I've read it. Thomas says (and I tend to agree) that while the Senate can cede authority to appoint an acting (temp) official out of the line of succession, he thinks the principal officers nominated still has to have be subject to the Appointments clause. He rejects the three years term of Solomon at the NLRB as temporary (and admits Eaton provided for temporary appointment without confirmation from the Senate). BUT neither issue was before the court and was unnecessary (irrelevant) in the case that was placed before them. Solomon was neither temporary in his opinion nor did the VRA permit his acting as temp head while a nominee. Trying to pretend Solomon was temporary while also nominating him is prohibited by the VRA itself. Using the VRA to let Solomon undertake a principal office before undergoing confirmation is the "end around".

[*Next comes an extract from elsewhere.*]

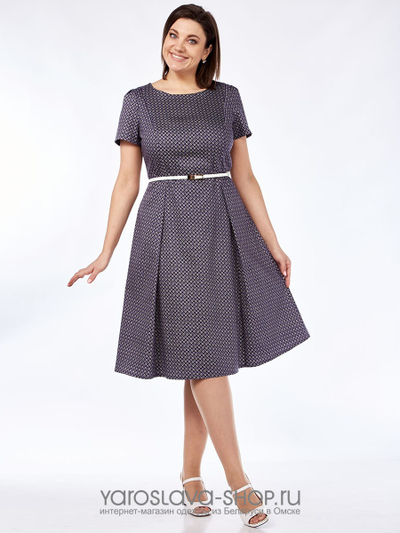 Женское платье А-силуэта темного синего цвета в мелкий рисунок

He concludes his support by saying, "Courts will inevitably be called upon to determine whether the Constitution permits the appointment of principal officers pursuant to the FVRA without Senate confirmation." But admits it is not before the Court at that moment. They didn't have jurisdiction to rule on a provision not before the court.
He is anticipating an administration saying they can use VRA to appoint someone directly without facing the Senate because they ceded the power to the Executive.
What is somewhat ambiguous (because it also was not before the court) is whether a temporary assignment also constitutes an end run around the Constitution in his opinion. That he cites Eaton suggests he does no see temporary "acting" assignment as likewise forbidden, but it is not at all clearly stated in the text.

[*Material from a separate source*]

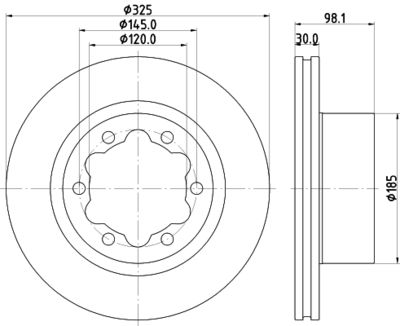 Brake Disc HELLA 8DD 355 132-201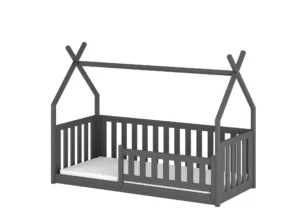 Παιδικό κρεβάτι Μονό Born για στρώμα 90x200cm Ανθρακί 208x97x137cm - LAN4563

Thomas says it doesn't even matter if the VRA had not proscribed his status as both temporary and acting. He would still be bound to be confirmed once he was nominated for a permanent position, and that Constitutionally the Senate cannot violate the Appointments clause and handover that power anymore than the Executive could take it. Again, he cites Eaton not being applicable for Solomon because he wasn't temporary or "acting" in his opinion. That suggests he thinks Eaton is settled regarding temporary assignment of officials.

So, ultimately, this would be a unique challenge. That's why I keep saying it wasn't equivalent circumstances. He clearly says he rejects the argument that Solomon was temporary. So he doesn't opine directly on this situation because it wasn't applicable to that case. It's not apples to apples.

You're back to a challenge that the VRA itself is unconstitutional in this speciric case or when it provides for senior officials to become "acting" heads if they are not in the 1953 line of succession (or in other words, already presently confirmed by the Senate in another role).
edit on 9-11-2018 by RadioRobert because: (no reason given)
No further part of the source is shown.